Mike reacted to this news in the way he always deal with difficult news. He got nasty and tetchy. He told the Guardian that his opponent, Sarah Sackman would jump on any bandwagon, in reference to her efforts in campaigns to save local libraries and retain funding for disabled childrens support services. Given that all of the campaigns Sarah Sackman has fought are highly emotive local issues, where even local Tories disagree with the Council, I found it hilarious that Mike would actually draw attention to them in the local paper. What exactly would Mike expect her to say if accused of "jumping on a bandwagon" when fighting for the rights of disabled children.

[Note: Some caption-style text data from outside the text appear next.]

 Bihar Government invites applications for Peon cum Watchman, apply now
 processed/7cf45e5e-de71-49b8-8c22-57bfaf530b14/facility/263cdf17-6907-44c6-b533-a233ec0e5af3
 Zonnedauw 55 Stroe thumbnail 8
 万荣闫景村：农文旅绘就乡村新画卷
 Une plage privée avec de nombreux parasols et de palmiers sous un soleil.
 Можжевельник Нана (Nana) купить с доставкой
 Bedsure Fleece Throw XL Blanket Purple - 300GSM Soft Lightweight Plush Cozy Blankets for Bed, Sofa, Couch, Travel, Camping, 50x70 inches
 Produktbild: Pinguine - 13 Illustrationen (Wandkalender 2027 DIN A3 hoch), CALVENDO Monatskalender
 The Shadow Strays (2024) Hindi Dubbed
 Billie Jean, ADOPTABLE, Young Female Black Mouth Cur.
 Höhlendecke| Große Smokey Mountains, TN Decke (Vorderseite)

Should she say "Oh, I am sorry I should have let their services be cut, so that Mike wouldn't insult me?" Heaven only knows what he was thinking.

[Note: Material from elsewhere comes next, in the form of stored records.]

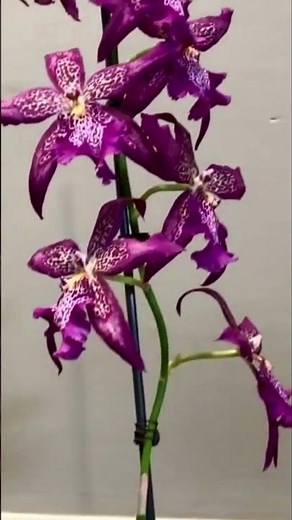 Different types of Orchids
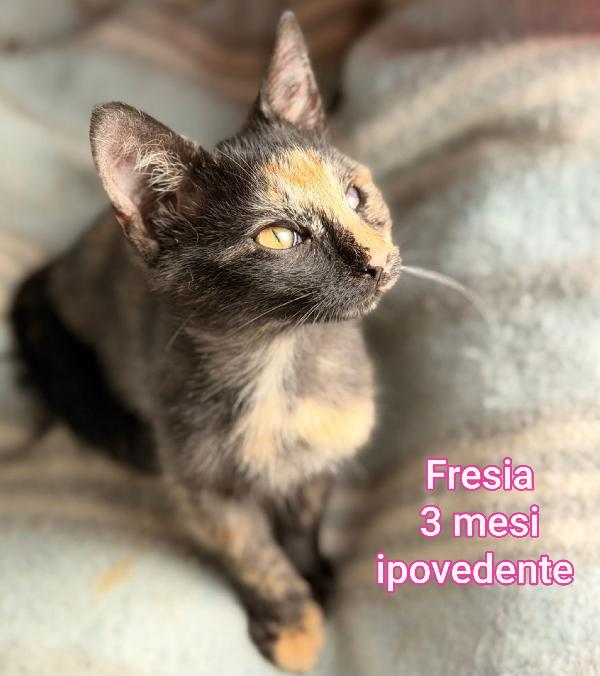 Micini Bisognosi! Urgente 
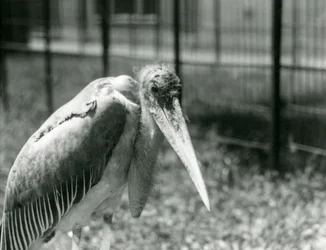 Un marabout debout dans son enclos au Zoo de Londres en septembre 1928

As if this wasn't bad enough, he has made an even more bonkers gaffe today.He has told Jewish News that he can "represent Jews better than a Jew". He said “A non-Jewish MP is able to represent Jewish constituents more forcefully as I can’t be accused of any vested interest. People know if I’m arguing for the Jewish community, it’s what I believe and what constituents want.”

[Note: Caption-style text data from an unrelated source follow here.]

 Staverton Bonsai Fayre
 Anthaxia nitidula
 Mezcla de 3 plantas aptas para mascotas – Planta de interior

It appears that Mike is seeking to adopt the "Ali G" approach to the question of race. If it wasn't so hilariously stupid, it could be deemed offensive and patronising.Let's consider Mike's claim in a bit more detail. Given that Mike isn't from the Finchley and Golders Green area, one has to assume that his interest in Jewish politics arrived at around the same time as he decided he wanted a career in politics. Like many politicians, Mike clearly looked at the demographics of the area in which he lived and decided it was a good move to get onside with various local communities. Now there is nothing wrong with trying to understand your electorate and representing them, but to claim that you can do the job better than someone who has grown up within a culture is completely ridiculous. A few years ago I went to a charity fundraising dinner, where a Jewish friend of mine from Orange Hill School was speaking about the need to support the charity, which raises money for local elderly Jewish people, who need care. My friend is a successful businessman and I'd never really put him down as a great orator. When he spoke, he talked about his family, how his parents and grandparents had fled Germany, how many of his uncles and aunties hadn't and how they'd perished. He talked about how his family had struggled, about how anti semitism had destroyed half his family. He talked about how his grandparents and parents had worked night and day to ensure their children had a future. He told how that by the time he was born in 1961, the family had a successful business, built from nothing. He talked of their sacrifices and the sadness in their heart for lost family members. He then explained how they needed specialist care as they reached the twighlight of their lives and how important the work of the charity was. They needed an environment that understood their social and cultural needs. The dinner was a great success raising a huge amount of money.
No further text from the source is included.